As revealed by insidethegames last month, Panasar has been chosen to take part because he was the first Sikh cricketer to represent England.
Dame Kelly, a double gold Olympic medalist and now President of Commonwealth Games England won the 1500 metres at the Commonwealth Games in 1994 and 2002, and Susan Gilroy, a two-time Commonwealth Games wheelchair table tennis champion, will also be among the baton-bearers.
Commonwealth Games Federation President Michael Fennell will take the baton from the plinth and pass it on to Queen Elizabeth II who, in turn, will hand it over to Indian President Pratibha Patil in the Buckingham Palace.
The President of India will pass on the baton to India's Sports Minister M. S. Gill before it reaches Suresh Kalmadi, the chairman of the local organising committee.
From Kalmadi, the baton will go to Abhinav Bindra, the first Indian to win an individual gold medal when he won the Olympic shooting title in Beijing last year.
Besides Bindra, Olympic bronze medallists Sushil Kumar, Vijender Singh, 1958 Commonwealth Games gold medallist Milkha Singh, 1983 cricket World Cup winning captain Kapil Dev, badminton legend Prakash Padukone, former hockey national team captain Dilip Tirkey and top Indian tennis player Sania Mirza will be the other Baton bearers.
The baton will travel for 240 days internationally to all the Commonwealth countries and territories in which it will cover a distance of 1,70,000 kms before entering India on June 25 through Wagah border.

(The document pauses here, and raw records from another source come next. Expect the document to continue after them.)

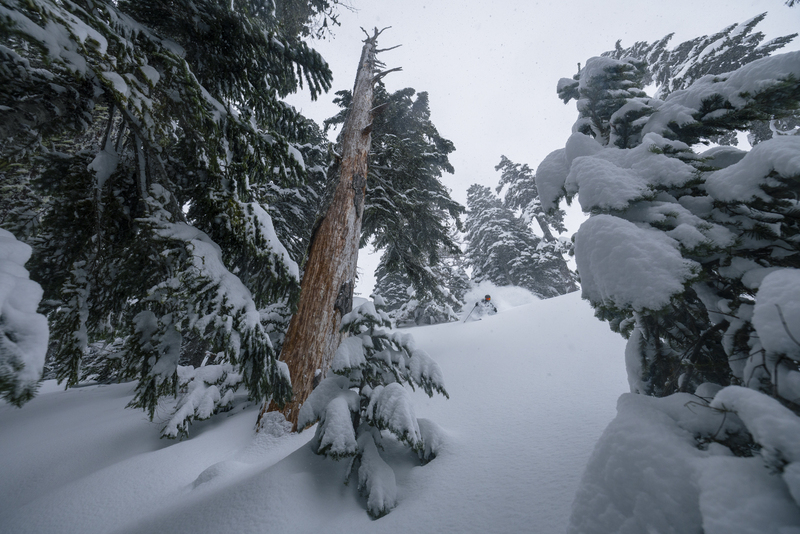 ralphie_I1A2110.jpg :: Skier: Jonny Rollins  Location: My Baker, WA  Photo: Bryan Ralph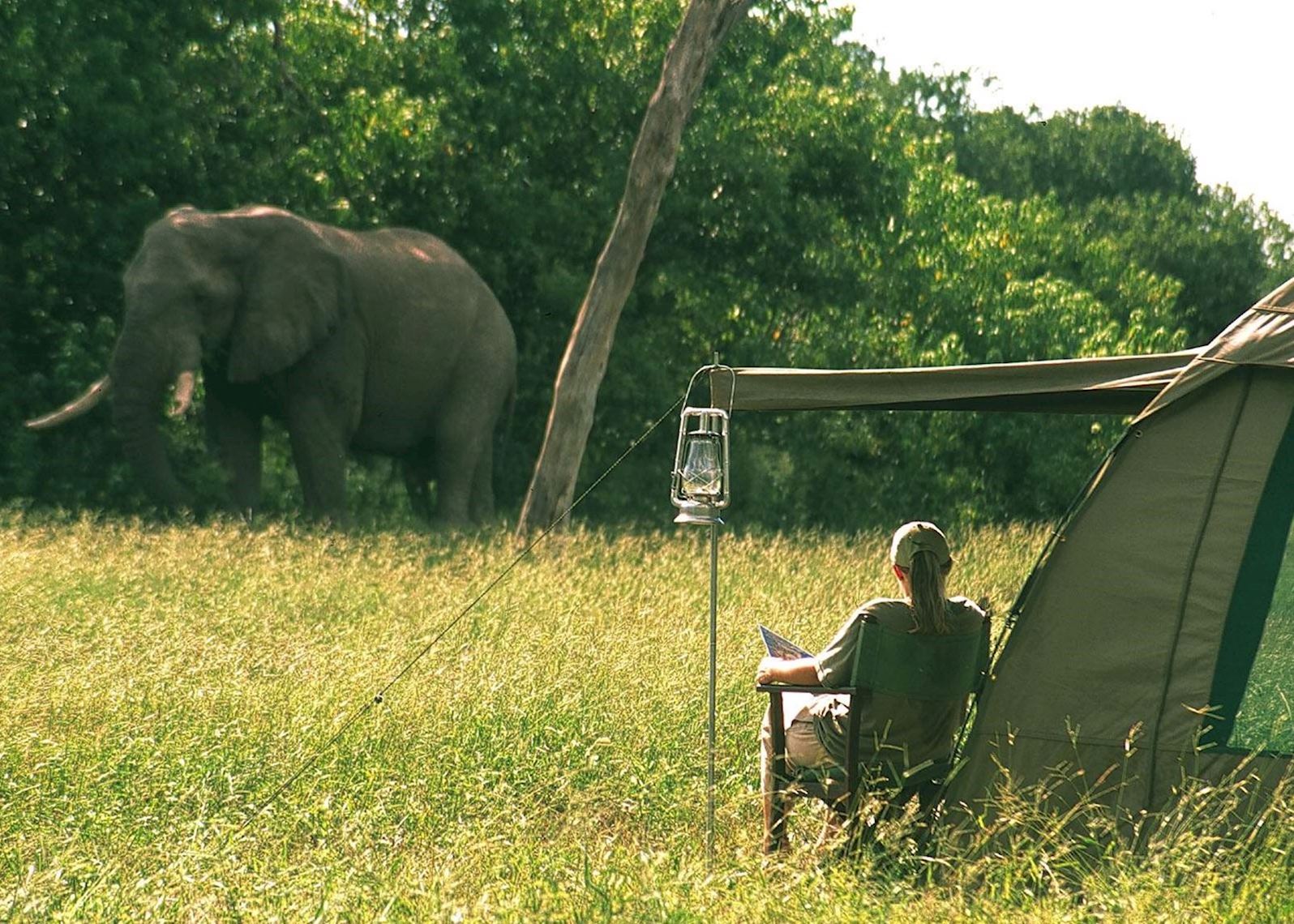 botswana safari packages uk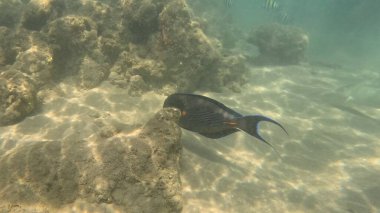 Balık. Balıklar. Mercan kayalıkları. Su altındaki mercan resiflerinde renkli yaşam. Renkli Tropikal Balıklar ve Deniz Hayatı. Sazlıktaki mercan kayalıklarında bir sürü balık var..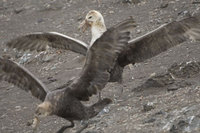 : Macronectes Giganteus; Southern Giant Petrel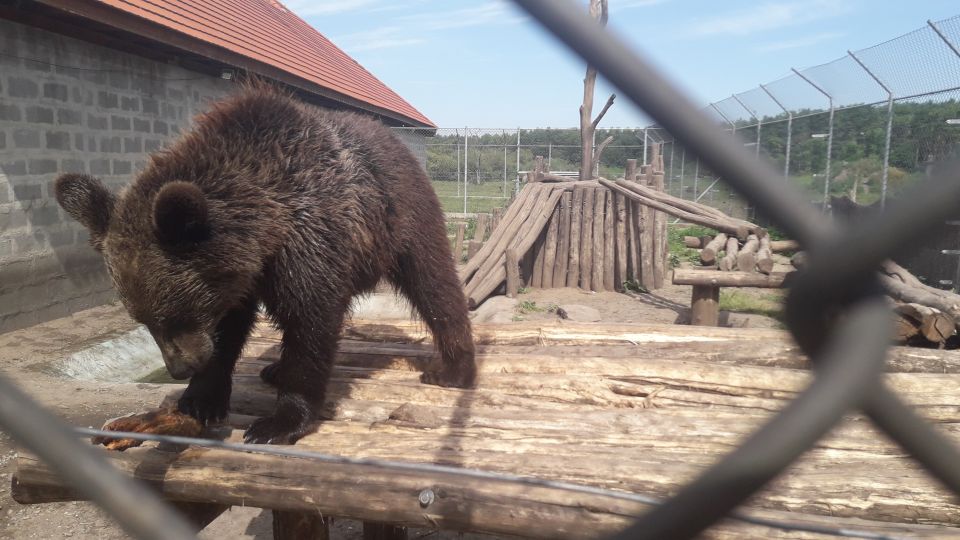 Budapest: Transport & Guided Tour of Bear and Wolf Sanctuary - Getting to Batthyány tér: your meeting point by the Danube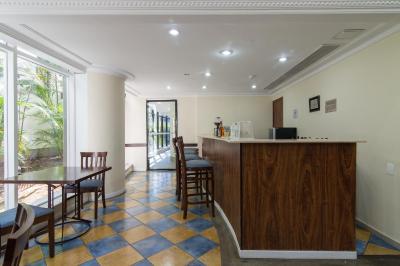 تولیپ این اینتراکتیو جاردینز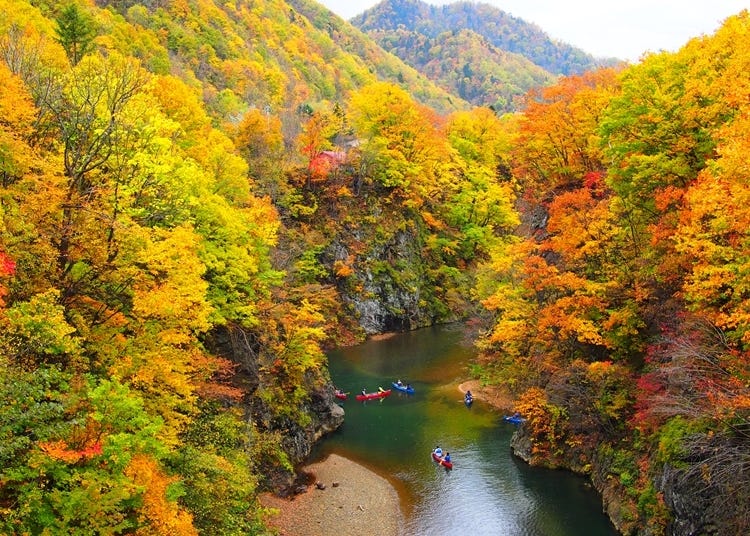 홋카이도 단풍 여행 - 홋카이도의 가을을 느낄 수 있는 단풍명소 4곳 - Live Japan ( 일본여행·추천명소·지역정보 )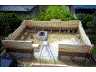 e0115811_2324117.gif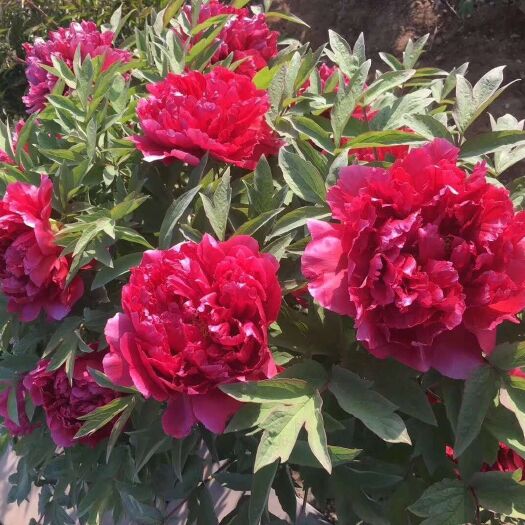 菏泽观赏牡丹 0.5米以下 2cm以下 4cm以下 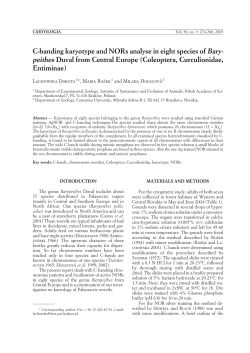 C-banding karyotype and NORs analyse in eight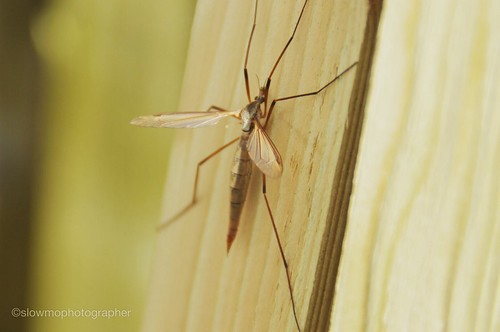 Daddy long legs look even more ugly close up.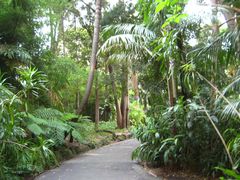 -墨尔本皇家植物园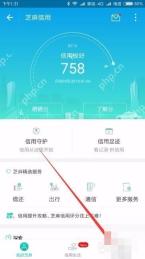 支付宝中文界面：进入信用管理，对应步骤：打开芝麻信用页后，再点右下角“信用管理”。这一步只是进入管理页，不能直接证明已经看到授权列表。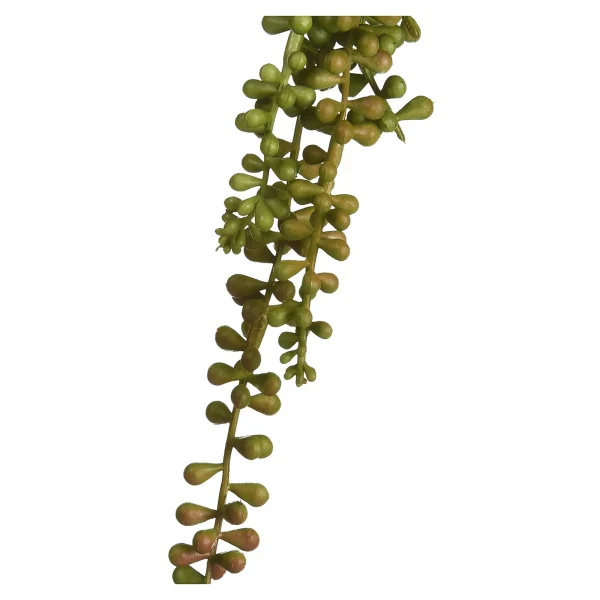 Depot Branche Artistique Succulente, Suspendue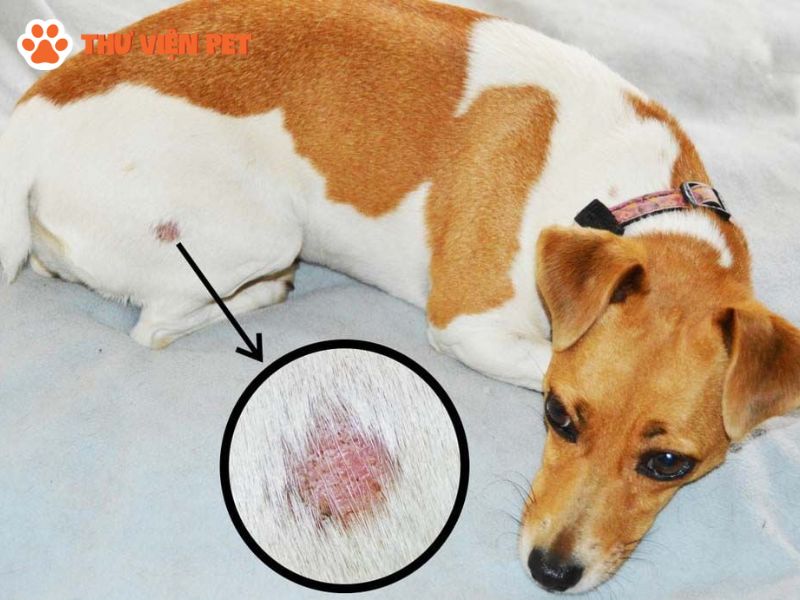 Chó bị viêm da nguyên nhân do đâu? Cách điều trị khi chó bị viêm da 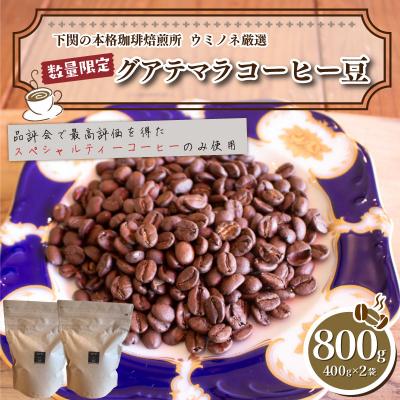 ふるさと納税 下関市 [中煎り] 訳あり コーヒー豆 800g ( 400g × 2袋 ) グアテマラ EW147-B-x
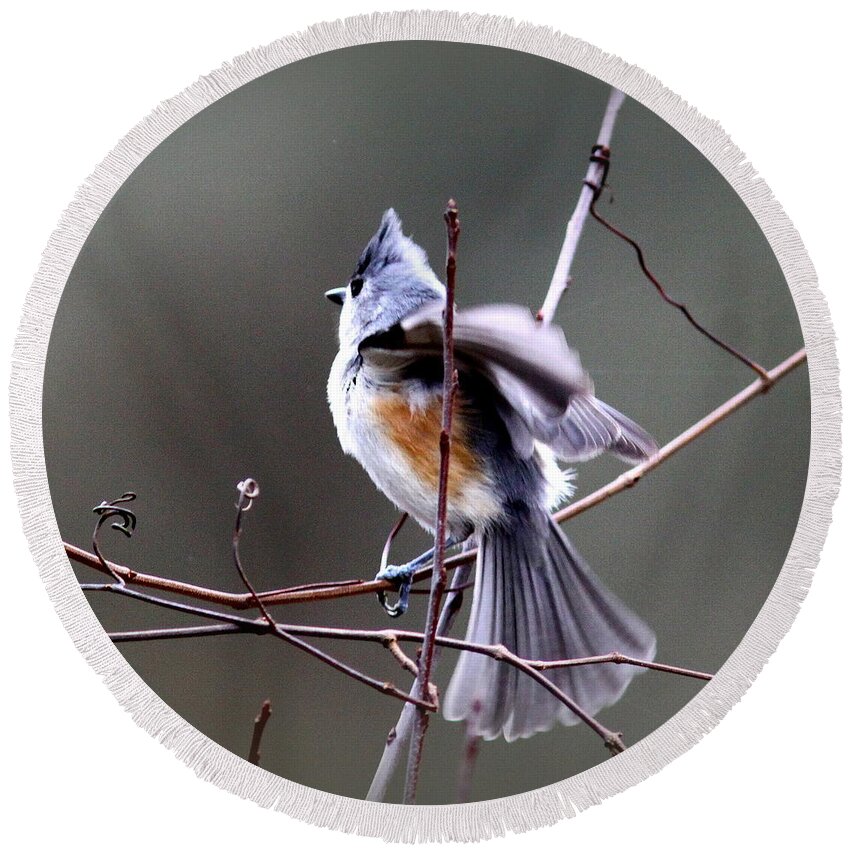 Tufted Titmouse Round Beach Towel featuring the photograph IMG_9404-002 - Tufted Titmouse by Travis Truelove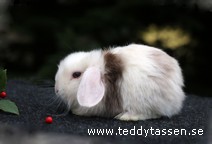 Teddytassens Orchidé (satin)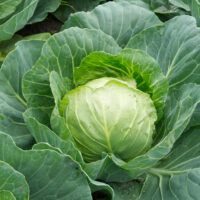 Cabbage, Brunswick (90 Days), Heirloom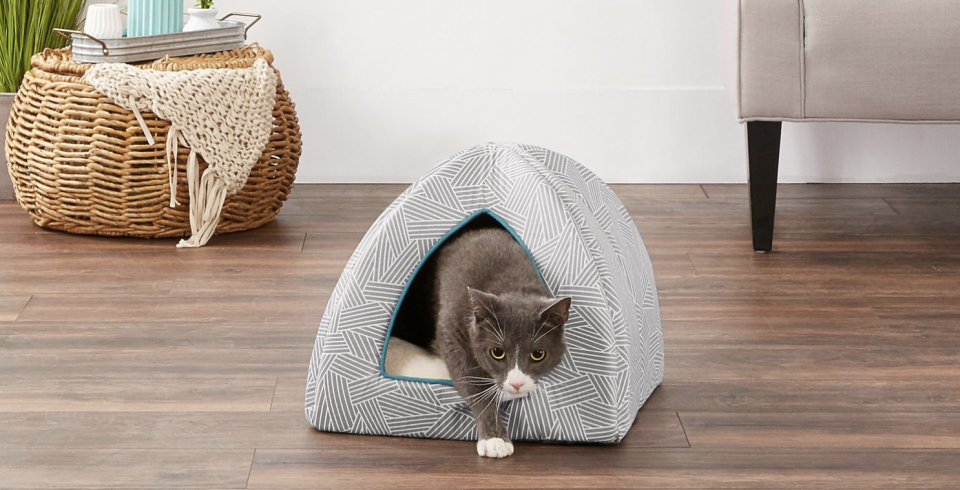 Fluffy and Fido will fight over who gets to sleep in this luxe igloo. (Photo: Chewy)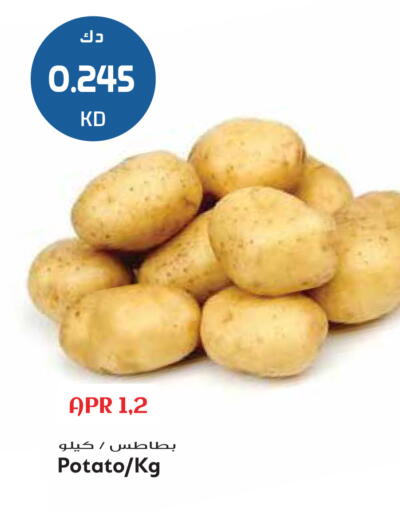 Potato available at جراند هايبر in الكويت - مدينة الكويت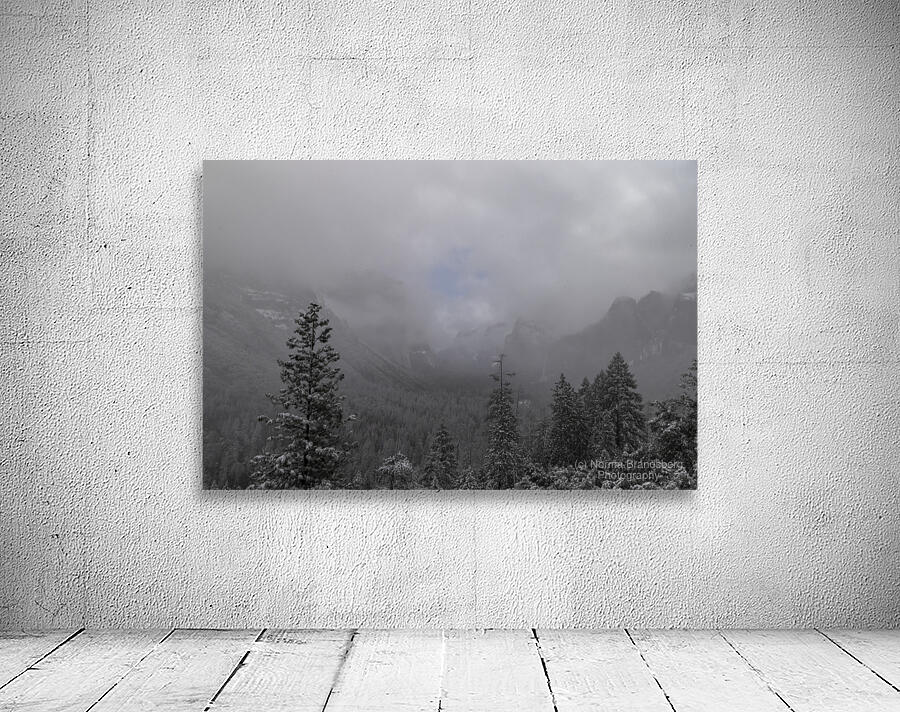 Foggy Yosemite in Winter Wall Preview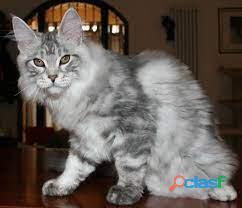 Gatitos Lindos Maine Coon Gigantes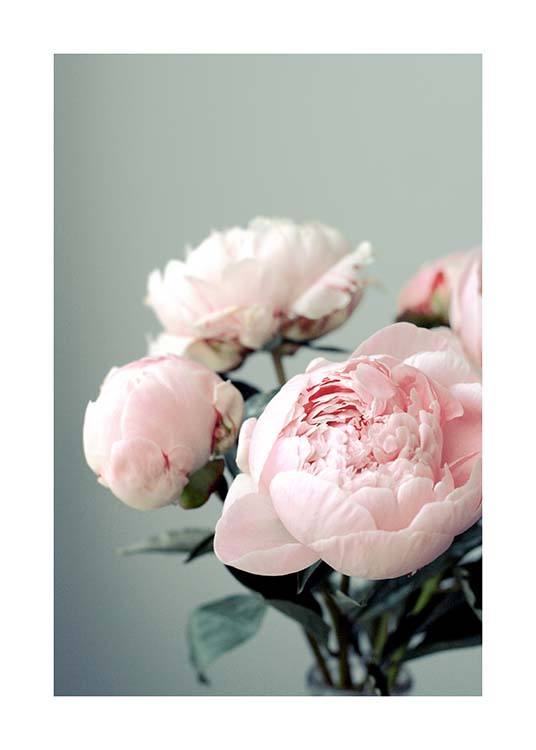 Pink Peonies On Green Poster / Photographs at Desenio AB (3268)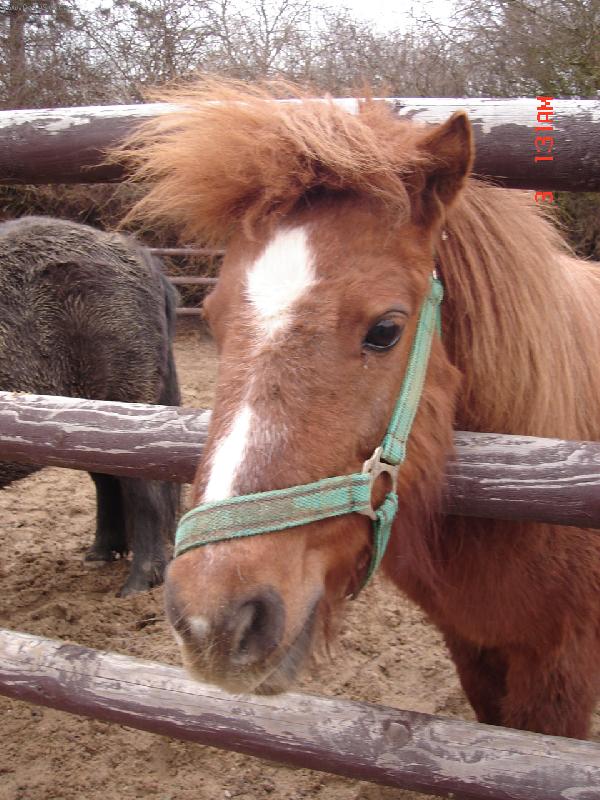 Foto: pony-pony s ��rem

After the Baton arrives in India, it will travel across the length and breadth of the country and will reach the Capital, which is to host the quadrennial event, in October next year.
The Baton will travel 20,000km in India, which is the maximum distance that has been ever covered in the host country.
Kalmadi said: "The Baton will travel 27 states and seven Union Territories and the distance is double to what was covered during the [2002] Manchester and [2006] Melbourne Games."